Luis Suarez w 2022 roku odszedł z Atletico Madryt i kompletnie wypisał się z europejskiego futbolu. Urugwajski snajper wrócił do Nacionalu, gdzie zaczynał karierę, a w styczniu 2023 roku został zawodnikiem Gremio. Jego przygoda w Brazylii także dobiegła końca i od miesięcy pojawiały się plotki o rzekomym transferze do Interu Miami. Wygląda na to, że ta transakcja staje się faktem.
Plotki o rzekomym transferze Suareza podsycał fakt, że w Interze Miami grają już jego starzy znajomi z FC Barcelony. Chodzi o Leo Messiego, Sergio Busquetsa i Jordiego Albę, z którymi Urugwajczyk cztery razy wygrał ligę hiszpańską i Puchar Hiszpanii, a także triumfował w Lidze Mistrzów.
Dziennikarz Fabrizio Romano przekazał, że zawodnik już miesiąc temu osiągnął słowne porozumienie z klubem MLS. Teraz wszystko jest już "gotowe i przypieczętowane, by go ogłosić". Lada moment 36-latek zostanie zaprezentowany w różowej koszulce klubu z Miami i od nowego roku będzie grał w MLS. Padło już nawet słynne "here we go", czyli potwierdzenie transferu przez włoskiego dziennikarza.

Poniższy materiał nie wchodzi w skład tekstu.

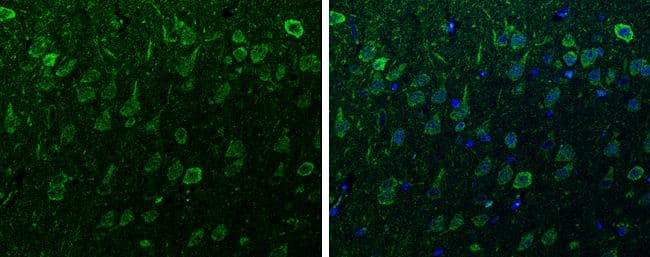 alpha Synuclein antibody detects alpha Synuclein protein at cytoplasm and nucleus in rat brain by immunohistochemical analysis. Sample: Paraffin-embedded rat brain. Green: alpha Synuclein antibody (NBP2-15365) diluted at 1:200. The signal was developed using goat anti-rabbit IgG antibody (Dylight488) .Blue: Nuclear staining with Hoechst 33342. br>Antigen Retrieval: Citrate buffer, pH 6.0, 15 min 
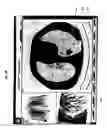 Fig. 10 - Graphical user interface for display of anatomical information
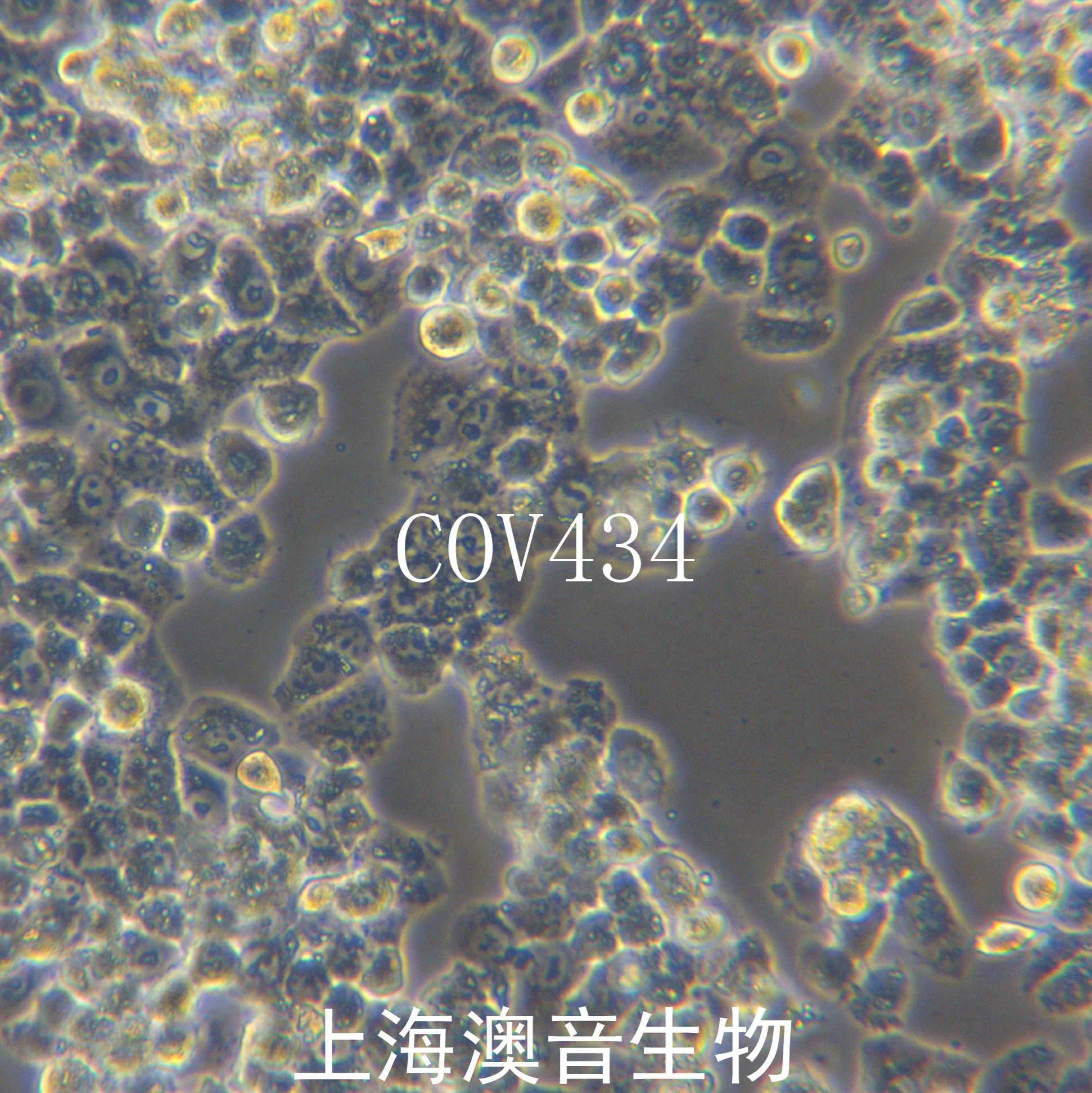 COV434[COV-434; COV 434]人卵巢颗粒肿瘤细胞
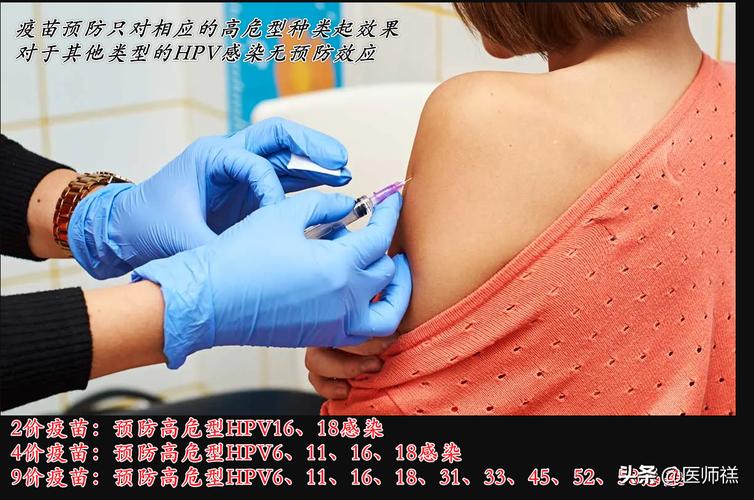 宮頸癌疫苗多少錢二價四價九價哪個值得打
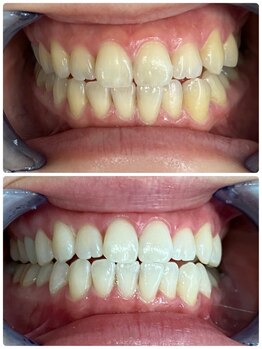 シャイニー 仙台駅東口(SHINY)/歯科提携ジェル4回目のお客様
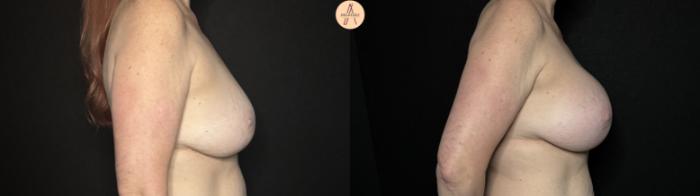 Before & After Breast Augmentation Case 326 Right Side View in San Antonio, Texas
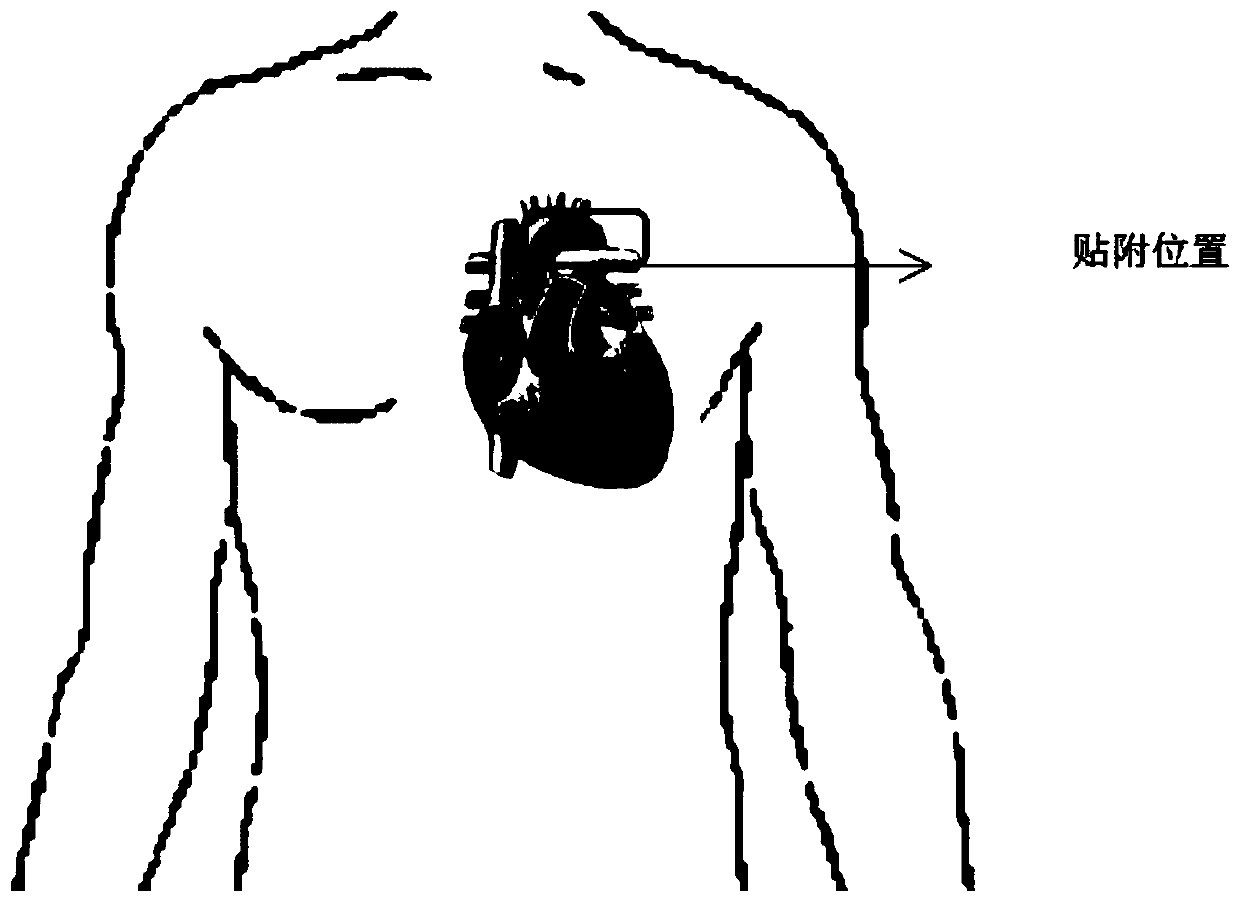 Chest non-invasive blood pressure detection method based on pulse wave conduction time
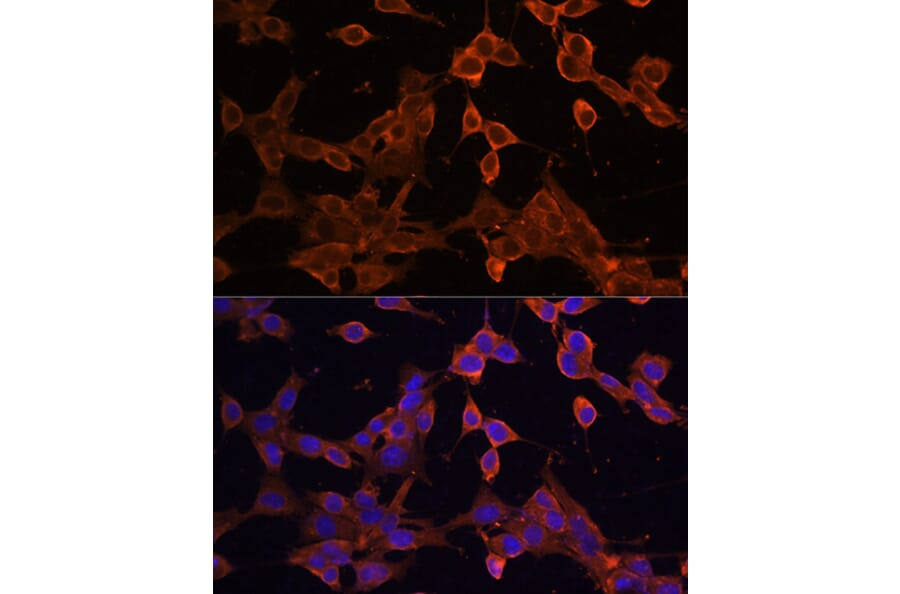 Immunofluorescence - Anti-SQSTM1 / p62 Antibody (A309479) - Antibodies.com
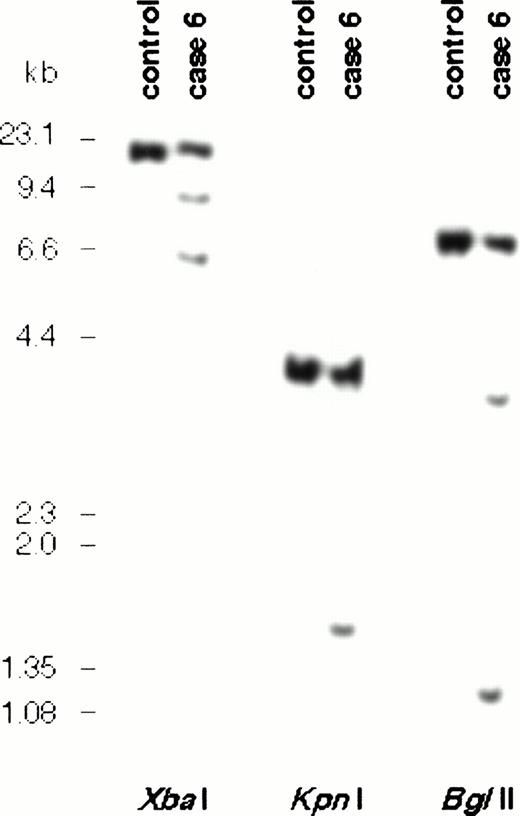 Fig. 6. Southern blot analysis of DNA from case no. 6 and normal control using probe X665. Two rearranged signals were seen inBgl II and Xba I digests, indicating that the breakpoint fell within the region of this probe in the 3′ UTR ofBCL9.
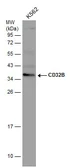 Anti-CD32B antibody [N2C3] used in Western Blot (WB). GTX113693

Kontrakt Suareza jest już gotowy do podpisania i zwiąże go z Interem na 12 miesięcy. Istnieje w nim opcja przedłużenia o kolejny sezon. Oficjalnego ogłoszenia można spodziewać się w najbliższych dniach.

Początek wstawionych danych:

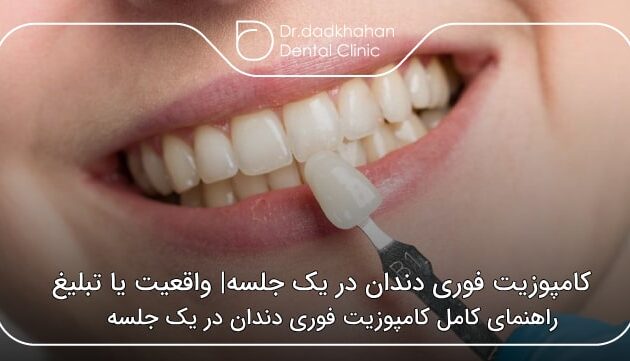 کامپوزیت فوری دندان در یک جلسه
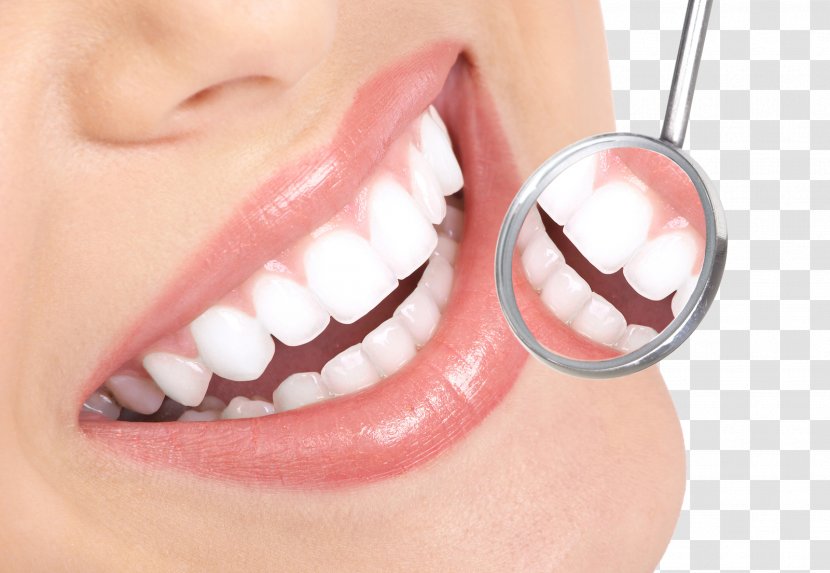 Tooth Whitening Decay Therapy Dentist - Teeth Cleaning - Smile HD Transparent PNG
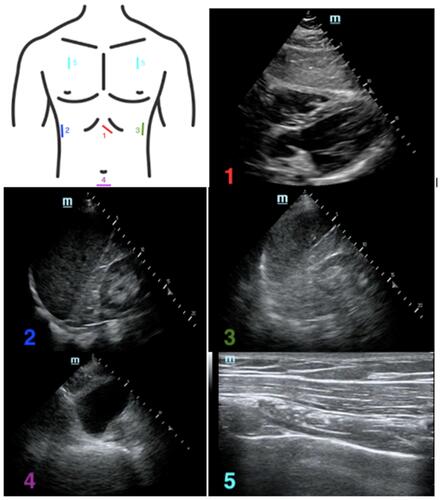 Figure 2 Location on the chest where the (1) subxiphoid, (2) right upper quadrant, (3) left upper quadrant, (4) pelvic, and (5) apical lung views are obtained, with corresponding sonographic images.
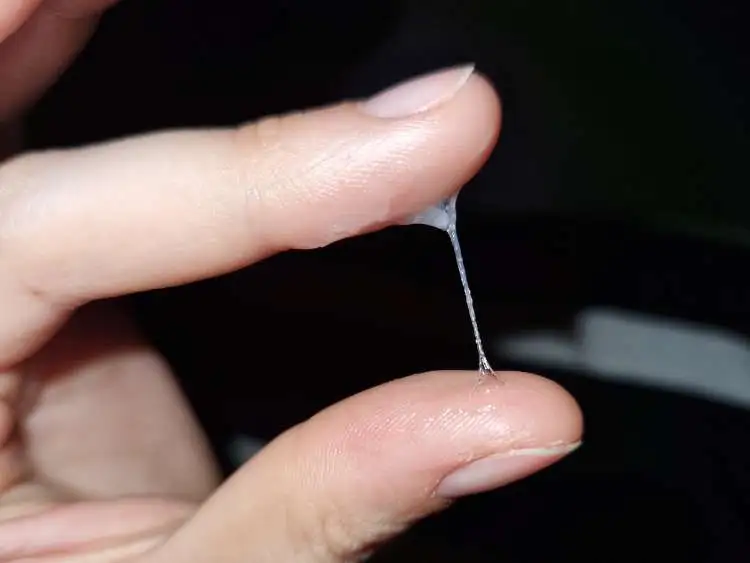 Glassy, stretchy S+ cervical mucus with whitish streaks starting on cycle day 10
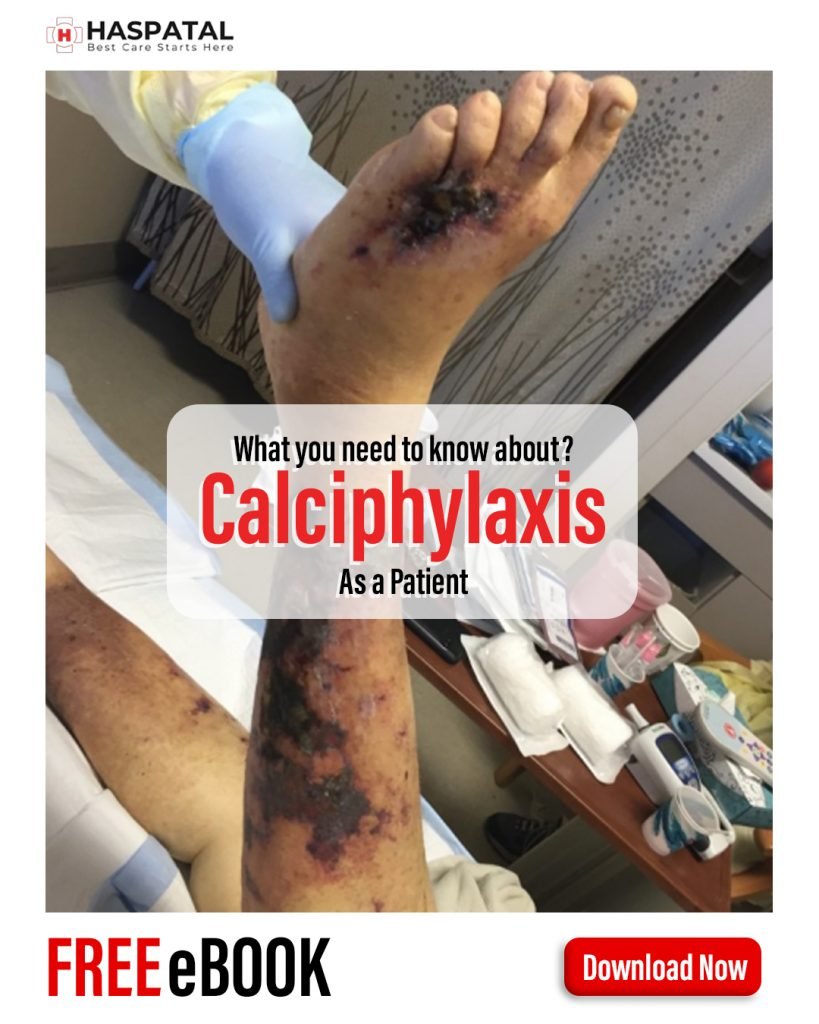 How Calciphylaxis can affect your health? Haspatal online doctor consultation app.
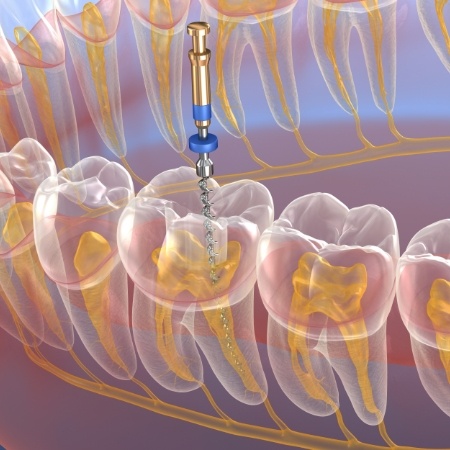 Woman receiving dental treatment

Wielki transfer Interu Miami oznacza, że znów będziemy świadkami duetu Leo Messi - Luis Suarez, który przez lata rządził w FC Barcelonie i zachwycał piłkarski świat. W latach 2014-2020 Argentyńczyk strzelił 280 goli a Urugwajczyk 198. Suarez asystował Messiemu przy 47 trafieniach, a ten odwdzięczył mu się 52 ostatnimi podaniami. Ponadto panowie prywatnie są przyjaciółmi, spędzają razem wakacje, a Suarez nawet wręczał Messiemu Złotą Piłkę za 2021 rok.